MATT WELCH writes that newspapers are abandoning their non-rich readers:
In 2003, publishers are far more concerned with making sure their readers are rich. The New York Times, for example, boasts to advertisers its readership “is almost three times as likely as the average U.S. adult to have a college or post-graduate degree, more than twice as likely to be professional/managerial and almost three times as likely to have a household income exceeding [US]$100,000.” Those robust demographics are nurtured by a series of discriminating editorial choices — special issues devoted to food, money, design, “The Sophisticated Traveller … Lives Well Lived,” and so on.

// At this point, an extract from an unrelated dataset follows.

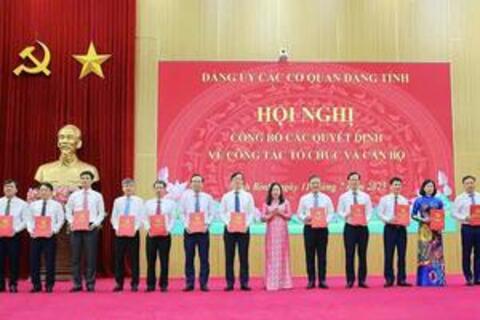 Công bố các quyết định thành lập 12 tổ chức cơ sở đảng thuộc Đảng bộ Các cơ quan Đảng tỉnh Ninh Bình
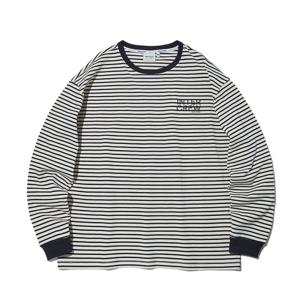 [인터크루]시밀러 립 배색 스트라이프티 O화이트 ITY1TM07AOH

The skew is even more pronounced outside New York, where most daily newspapers are local monopolies that don’t share the Times’ journalistic aspirations. Sunday magazines, especially, are open-handed insults to the have-nots, with their landscape architecture spreads and write-ups of US$200 brunches. Internet sections come and go based on the tech-sector marketing climate of the moment (as opposed to the amount of online activity, which continues to boom). Murder victims in the ghetto are lucky to merit single paragraphs on B5, while affluent college kids struck by stray bullets are memorialized above the fold. . . .
“Daily newspapers have effectively dropped the bottom quintile or perhaps a third of the population,” wrote communications professor Robert McChesney of the University of Illinois at Urbana-Champaign, in a chapter of the 2002 book Into the Buzzsaw.
It’s worse than the Digital Divide — it’s the Newsprint Divide!